◆ HOW TO COMPLETE THIS TASK:
Output each line of the data below exactly, omitting any image.

◆ SOURCE MATERIAL:
Segment Open

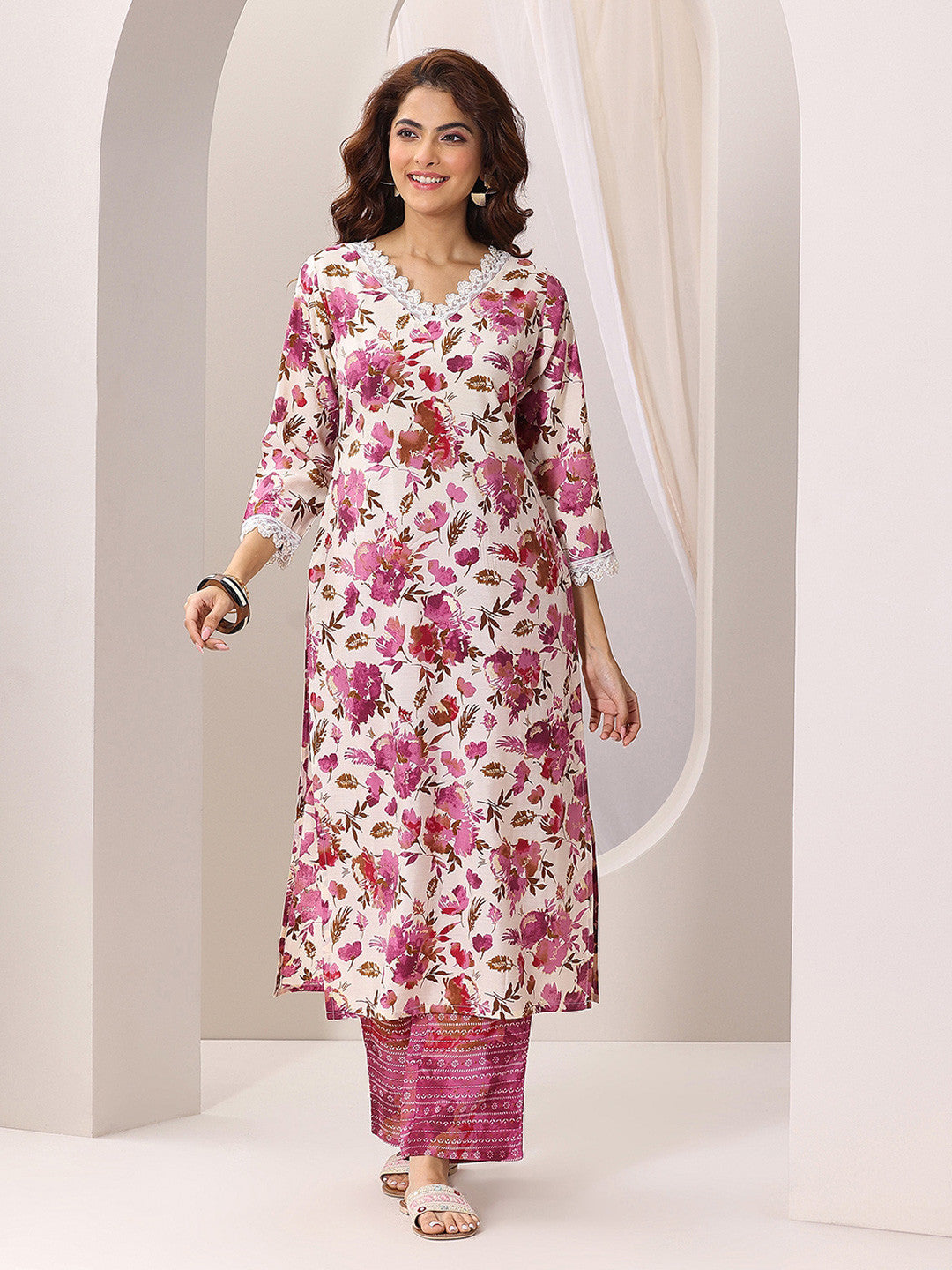 Women Floral Printed Regular Kurta with Trousers
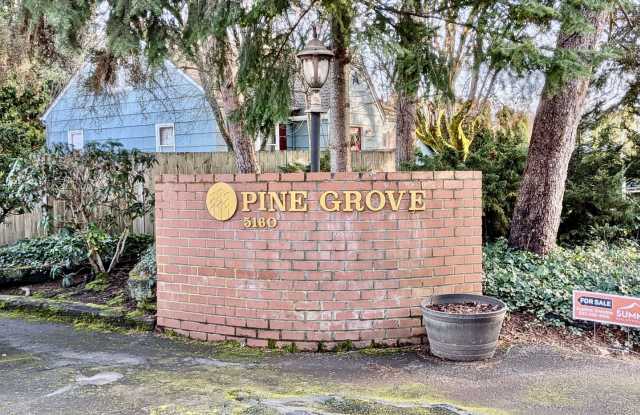 Stunning 2 Bedroom Condo with Fireplace, Modern Upgrades and Air Conditioning! Dogs Welcome photos photos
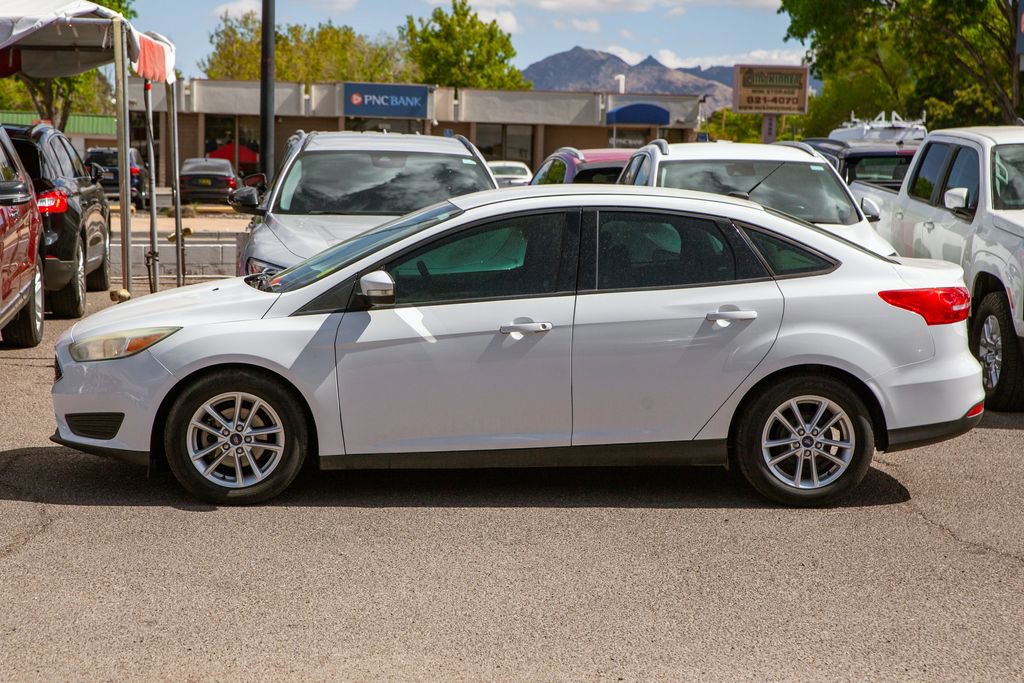 Used 2015 Ford Focus SE FWD image 8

Segment Closed

◆ ANSWER BOX:
 Women Floral Printed Regular Kurta with Trousers
 Stunning 2 Bedroom Condo with Fireplace, Modern Upgrades and Air Conditioning! Dogs Welcome photos photos
 Used 2015 Ford Focus SE FWD image 8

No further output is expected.